Matthew Hussey: [01:43:46] To avoid the mimetic trap, you do just do it or want it because someone else wants it. There’s very easy traps to fall into. Me and Audrey went to Hawaii for the first time this year, and we were instantly in love and we didn’t ever want to leave. Your brain goes to some, wouldn’t it be–
Ramit Sethi: [01:44:13] Oh, man.
Matthew Hussey: [01:44:15] Imagine having a place here. And sometimes I hear you in my head and it’s just like, if you want to go to Hawaii, just go rent a place and then give the keys back and leave.
Ramit Sethi: [01:44:28] Yeah, it’s the best. But it’s so unglamorous. For whatever reason, we just love, I got to own this place.
Matthew Hussey: [01:44:35] Yeah, but very much of it is ego, right?
Ramit Sethi: [01:44:37] It is so ego. And my ego is, well, first of all, I’m like, financially speaking, that actually doesn’t make any sense. But secondly, I love the simplicity of I get to pick my favorite place. I get to pick an absolutely amazing property or hotel or villa. I go in, everything is ready. I’ve got my perfect food in the fridge, my clothes are unpacked for me. Love the convenience. And then when I leave, goodbye. Here’s your keys.
Matthew Hussey: [01:45:06] And by the way, you also now don’t feel like you are a prisoner to Hawaii, where if next time, a year from now, you fall in love with somewhere else, you go, “Well, we really have to justify this place we have in Hawaii by keeping going there,” even though you now have another place that you really want to go to.
Ramit Sethi: [01:45:24] It’s so–
Matthew Hussey: [01:45:25] It’s freedom.
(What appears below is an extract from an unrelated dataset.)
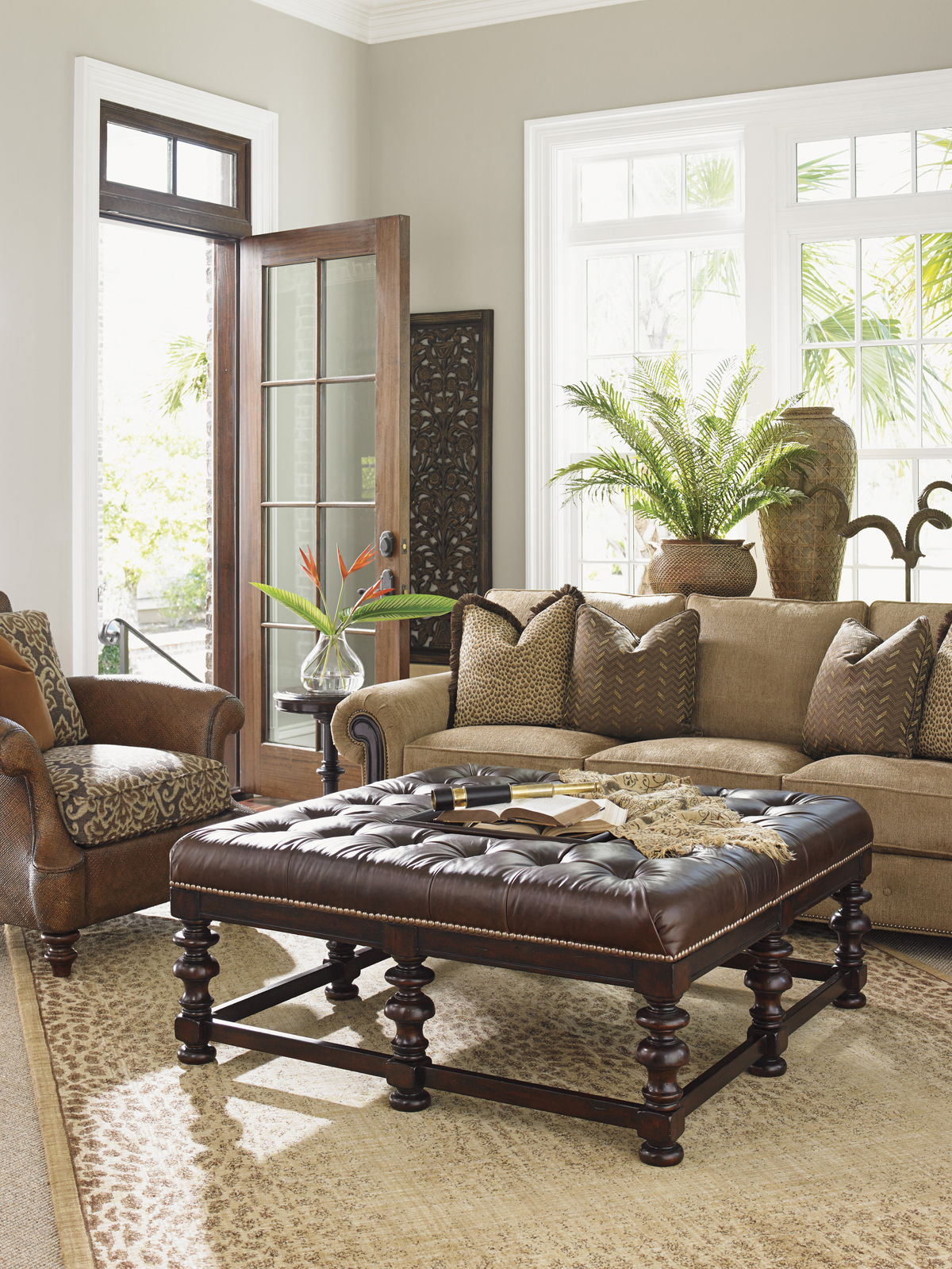 Tommy Bahama Upholstery - Heather Cocktail Ottoman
It’s not making yourself encumbered all the time by these things. And I’ve learned some hard lessons in that department. Simplification for me feels really good. Maybe there’ll be a time in my life when I want to expand again. I don’t know. But for me right now, I love the idea of less.
Ramit Sethi: [01:45:49] You call me when you want to spend the next two, four, or $5 million. You know I have some suggestions. Okay. I got a couple more scenarios for you. I just discovered that my partner has $75,000 in debt, and I’m worried how that’s going to affect our lifestyle. How do I have that conversation?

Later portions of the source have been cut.